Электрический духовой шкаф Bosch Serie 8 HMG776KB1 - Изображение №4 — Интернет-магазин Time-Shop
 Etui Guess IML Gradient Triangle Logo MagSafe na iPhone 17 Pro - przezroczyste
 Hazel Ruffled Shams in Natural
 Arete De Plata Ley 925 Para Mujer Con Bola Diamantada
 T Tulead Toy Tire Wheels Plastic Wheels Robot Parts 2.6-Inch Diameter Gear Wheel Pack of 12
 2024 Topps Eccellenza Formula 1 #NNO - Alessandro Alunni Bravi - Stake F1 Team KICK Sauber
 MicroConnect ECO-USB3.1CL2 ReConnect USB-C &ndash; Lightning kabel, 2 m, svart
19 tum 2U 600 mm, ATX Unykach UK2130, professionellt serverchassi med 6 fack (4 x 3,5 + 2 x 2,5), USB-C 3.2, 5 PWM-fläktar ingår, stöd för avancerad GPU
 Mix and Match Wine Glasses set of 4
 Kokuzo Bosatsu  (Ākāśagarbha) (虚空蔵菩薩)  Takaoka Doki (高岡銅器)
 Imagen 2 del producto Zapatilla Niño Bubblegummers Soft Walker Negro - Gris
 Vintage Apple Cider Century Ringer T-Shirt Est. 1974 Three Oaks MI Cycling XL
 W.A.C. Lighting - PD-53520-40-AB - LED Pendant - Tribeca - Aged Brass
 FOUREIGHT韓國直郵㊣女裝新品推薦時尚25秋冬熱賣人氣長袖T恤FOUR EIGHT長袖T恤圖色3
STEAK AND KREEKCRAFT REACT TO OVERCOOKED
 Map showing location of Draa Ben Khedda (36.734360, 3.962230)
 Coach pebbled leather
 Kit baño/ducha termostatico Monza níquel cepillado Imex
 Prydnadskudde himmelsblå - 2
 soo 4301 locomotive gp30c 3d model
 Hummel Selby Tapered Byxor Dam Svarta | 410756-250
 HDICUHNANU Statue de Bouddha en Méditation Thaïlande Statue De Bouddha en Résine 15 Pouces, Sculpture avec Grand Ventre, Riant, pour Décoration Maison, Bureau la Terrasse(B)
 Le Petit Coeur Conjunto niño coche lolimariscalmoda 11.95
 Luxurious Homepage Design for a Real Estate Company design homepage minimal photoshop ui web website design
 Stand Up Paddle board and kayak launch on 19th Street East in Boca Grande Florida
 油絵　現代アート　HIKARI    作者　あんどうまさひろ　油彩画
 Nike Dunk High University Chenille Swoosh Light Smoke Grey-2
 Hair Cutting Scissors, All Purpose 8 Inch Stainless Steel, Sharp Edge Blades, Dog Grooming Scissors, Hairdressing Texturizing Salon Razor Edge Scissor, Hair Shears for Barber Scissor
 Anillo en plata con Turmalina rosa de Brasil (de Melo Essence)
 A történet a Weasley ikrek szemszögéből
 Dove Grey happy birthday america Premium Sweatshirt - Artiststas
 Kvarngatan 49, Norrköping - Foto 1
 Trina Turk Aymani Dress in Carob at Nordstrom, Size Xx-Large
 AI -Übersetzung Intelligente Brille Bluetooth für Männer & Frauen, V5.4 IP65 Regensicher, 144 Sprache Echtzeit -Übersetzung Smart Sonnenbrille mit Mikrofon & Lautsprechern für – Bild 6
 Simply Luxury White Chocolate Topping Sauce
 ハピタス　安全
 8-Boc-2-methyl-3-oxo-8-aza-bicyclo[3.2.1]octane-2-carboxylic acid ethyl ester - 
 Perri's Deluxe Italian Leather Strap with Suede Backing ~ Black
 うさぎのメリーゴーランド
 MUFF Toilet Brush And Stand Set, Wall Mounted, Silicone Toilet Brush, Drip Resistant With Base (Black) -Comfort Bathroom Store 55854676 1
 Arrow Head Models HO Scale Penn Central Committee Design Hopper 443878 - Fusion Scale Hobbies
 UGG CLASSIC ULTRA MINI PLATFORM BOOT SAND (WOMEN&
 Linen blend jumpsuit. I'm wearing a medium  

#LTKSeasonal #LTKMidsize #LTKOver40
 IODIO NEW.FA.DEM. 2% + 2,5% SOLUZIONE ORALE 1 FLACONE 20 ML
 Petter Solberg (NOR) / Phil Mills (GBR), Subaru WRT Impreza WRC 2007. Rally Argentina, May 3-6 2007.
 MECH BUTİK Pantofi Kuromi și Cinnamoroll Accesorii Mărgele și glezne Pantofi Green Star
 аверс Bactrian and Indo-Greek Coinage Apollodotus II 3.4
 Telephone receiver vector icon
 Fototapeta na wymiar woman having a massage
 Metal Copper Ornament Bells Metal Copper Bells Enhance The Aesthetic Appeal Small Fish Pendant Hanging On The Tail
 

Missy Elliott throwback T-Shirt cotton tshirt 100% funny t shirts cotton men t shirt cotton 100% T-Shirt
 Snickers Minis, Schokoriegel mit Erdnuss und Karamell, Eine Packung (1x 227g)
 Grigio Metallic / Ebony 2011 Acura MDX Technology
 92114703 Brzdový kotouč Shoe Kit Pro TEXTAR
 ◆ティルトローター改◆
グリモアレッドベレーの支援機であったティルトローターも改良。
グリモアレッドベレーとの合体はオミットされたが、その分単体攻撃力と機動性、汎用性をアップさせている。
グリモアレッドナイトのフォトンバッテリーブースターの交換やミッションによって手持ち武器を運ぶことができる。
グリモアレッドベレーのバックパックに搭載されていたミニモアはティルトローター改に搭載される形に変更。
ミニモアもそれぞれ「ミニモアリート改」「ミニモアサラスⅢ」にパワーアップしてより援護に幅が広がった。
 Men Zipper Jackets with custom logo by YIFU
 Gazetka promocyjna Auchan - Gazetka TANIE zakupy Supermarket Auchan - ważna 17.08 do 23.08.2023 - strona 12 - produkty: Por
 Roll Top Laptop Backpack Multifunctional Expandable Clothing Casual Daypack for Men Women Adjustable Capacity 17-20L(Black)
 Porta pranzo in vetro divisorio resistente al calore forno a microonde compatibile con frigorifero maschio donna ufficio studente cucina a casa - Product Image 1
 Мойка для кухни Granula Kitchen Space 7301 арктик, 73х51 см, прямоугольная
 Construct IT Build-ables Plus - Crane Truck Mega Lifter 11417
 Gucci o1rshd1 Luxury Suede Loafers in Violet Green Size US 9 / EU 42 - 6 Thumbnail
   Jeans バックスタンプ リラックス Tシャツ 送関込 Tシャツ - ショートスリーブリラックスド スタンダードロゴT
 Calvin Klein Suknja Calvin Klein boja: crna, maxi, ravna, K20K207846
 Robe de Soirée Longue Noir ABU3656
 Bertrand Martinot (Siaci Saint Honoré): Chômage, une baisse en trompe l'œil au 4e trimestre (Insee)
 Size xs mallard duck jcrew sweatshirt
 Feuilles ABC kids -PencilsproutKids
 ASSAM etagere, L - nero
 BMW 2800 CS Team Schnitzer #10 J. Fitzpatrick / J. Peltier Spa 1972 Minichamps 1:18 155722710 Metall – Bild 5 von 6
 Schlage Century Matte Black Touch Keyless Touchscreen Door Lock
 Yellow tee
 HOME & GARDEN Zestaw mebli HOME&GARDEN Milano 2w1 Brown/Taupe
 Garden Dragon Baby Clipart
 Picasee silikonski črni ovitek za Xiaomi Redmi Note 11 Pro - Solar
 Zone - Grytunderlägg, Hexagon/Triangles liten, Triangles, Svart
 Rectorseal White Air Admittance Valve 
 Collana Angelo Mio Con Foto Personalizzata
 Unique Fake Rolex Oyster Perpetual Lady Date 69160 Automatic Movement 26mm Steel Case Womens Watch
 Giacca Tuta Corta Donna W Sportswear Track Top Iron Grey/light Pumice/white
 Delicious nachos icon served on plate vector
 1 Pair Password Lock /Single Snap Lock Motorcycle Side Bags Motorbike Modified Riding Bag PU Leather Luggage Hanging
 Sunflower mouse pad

□ □ □ □ □

The task: Output must consist only of the listing's lines from the first through the line with "Hummel Selby Tapered", reproduced word for word.

Written answer:
Электрический духовой шкаф Bosch Serie 8 HMG776KB1 - Изображение №4 — Интернет-магазин Time-Shop
 Etui Guess IML Gradient Triangle Logo MagSafe na iPhone 17 Pro - przezroczyste
 Hazel Ruffled Shams in Natural
 Arete De Plata Ley 925 Para Mujer Con Bola Diamantada
 T Tulead Toy Tire Wheels Plastic Wheels Robot Parts 2.6-Inch Diameter Gear Wheel Pack of 12
 2024 Topps Eccellenza Formula 1 #NNO - Alessandro Alunni Bravi - Stake F1 Team KICK Sauber
 MicroConnect ECO-USB3.1CL2 ReConnect USB-C &ndash; Lightning kabel, 2 m, svart
19 tum 2U 600 mm, ATX Unykach UK2130, professionellt serverchassi med 6 fack (4 x 3,5 + 2 x 2,5), USB-C 3.2, 5 PWM-fläktar ingår, stöd för avancerad GPU
 Mix and Match Wine Glasses set of 4
 Kokuzo Bosatsu  (Ākāśagarbha) (虚空蔵菩薩)  Takaoka Doki (高岡銅器)
 Imagen 2 del producto Zapatilla Niño Bubblegummers Soft Walker Negro - Gris
 Vintage Apple Cider Century Ringer T-Shirt Est. 1974 Three Oaks MI Cycling XL
 W.A.C. Lighting - PD-53520-40-AB - LED Pendant - Tribeca - Aged Brass
 FOUREIGHT韓國直郵㊣女裝新品推薦時尚25秋冬熱賣人氣長袖T恤FOUR EIGHT長袖T恤圖色3
STEAK AND KREEKCRAFT REACT TO OVERCOOKED
 Map showing location of Draa Ben Khedda (36.734360, 3.962230)
 Coach pebbled leather
 Kit baño/ducha termostatico Monza níquel cepillado Imex
 Prydnadskudde himmelsblå - 2
 soo 4301 locomotive gp30c 3d model
 Hummel Selby Tapered Byxor Dam Svarta | 410756-250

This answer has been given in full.